March 2, 2018 – A United Launch Alliance (ULA) Atlas V rocket carrying the GOES-S mission for NASA and NOAA lifted off from Space Launch Complex-41 in Florida on March 1 at 3:02 p.m. MST. GOES-S is the second satellite in the Geostationary Operational Environmental Satellite (GOES)-R series of satellites, built by Lockheed Martin.
“Thank you to our partners at NASA and NOAA for the outstanding teamwork, as we delivered this next-generation satellite to orbit,” said Gary Wentz, ULA vice president of Government and Commercial Programs. “We are proud to serve as the ultimate launch provider, continuing our dedication to 100 percent mission success.”
Over the next two weeks, GOES-S will perform several instrument deployments and a series of maneuvers to bring the satellite into geostationary orbit, roughly 22,300 miles above Earth. At that time, GOES-S will be renamed GOES-17.
After undergoing a full checkout and validation of its six high-tech instruments, the new satellite will move to the GOES-West position and become operational later this year.
The GOES satellites play a vital role in weather forecasting, storm tracking, and meteorological research. They operate in geostationary orbit, completing one revolution in the same amount of time it takes for the Earth to rotate once on its polar axis, allowing the satellites to “stare” at a specific location on Earth.
GOES-S will work in tandem with GOES-16 (originally GOES-R), which launched on an Atlas V rocket on November 19, 2016. GOES-16 operates in the GOES-East position and has tracked devastating hurricanes in the Gulf of Mexico, the Caribbean and along the East Coast.
Together, the two satellites will observe most of the Western Hemisphere, from the west coast of Africa to New Zealand. The region includes the northeastern Pacific – the birthplace of many of the weather systems that affect the continental U.S.
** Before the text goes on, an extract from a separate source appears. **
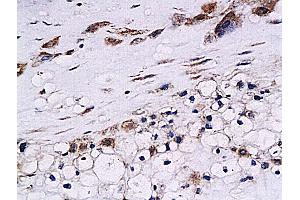 Formalin-fixed and paraffin embedded human placenta labeled with Anti-Cystatin B Polyclonal Antibody, Unconjugated (ABIN755692) at 1:200 followed by conjugation to the secondary antibody and DAB staining (CSTB anticorps  (AA 51-98))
The sister satellites will continue to deliver weather data that supports short-term forecasting and severe storm warnings, maritime forecasts, and space weather predictions. Additionally, the technology will improve hurricane tracking and intensity forecasts, increase thunderstorm and tornado warning lead time, improve wildfire detection, provide real-time mapping of lightning activity, and improve monitoring of solar activity.
“We’ll soon see the value of having two sophisticated geostationary satellites in operation, not only in the amount of lives saved through more accurate forecasts, but in cost savings throughout the economy,” said Stephen Volz, Ph.D., director, NOAA’s Satellite and Information Service. “With GOES-S and GOES-16, we are able to cover about half the planet with the most sophisticated weather forecast technology ever flown in space.”
While GOES East and West keep watch over the Western Hemisphere, foreign counterparts on the other side of the world image the Eastern Hemisphere.
The GOES-R Series satellites are designed for 10 years of on-orbit operation, followed by up to five years of on-orbit storage. There are four satellites in the GOES-R series: -R, -S, -T and -U, which will extend satellite coverage through 2036.
NOAA manages the GOES-R Series program through an integrated NOAA-NASA office, with personnel from both agencies. NASA’s Goddard Space Flight Center oversees the acquisition of the GOES-R spacecraft and instruments. Lockheed Martin Space of Littleton, Colorado, is building all four of the GOES-R Series satellites and is responsible for development, integration, and testing. Lockheed is also responsible for the Solar Ultraviolet Imager (SUVI) and Geostationary Lightning Mapper (GLM). Harris Corp. of Melbourne, Florida, provides the Advanced Baseline Imager (ABI), the primary instrument on the GOES-R satellites., along with the ground system, which includes the antenna system for data reception. The University of Colorado’s Laboratory for Atmospheric and Space Physics (LASP) provides the EXIS instrument suite. United Launch Alliance of Centennial, Colorado, is the provider of the Atlas V launch service.
This is the 76th launch of the Atlas V rocket, ULA’s 3rd launch in 2018 and the 126th successful launch since the company was formed in December 2006.
ULA’s next launch is the AFSPC-11 mission for the U.S. Air Force on an Atlas V rocket from Cape Canaveral Air Force Station, Florida.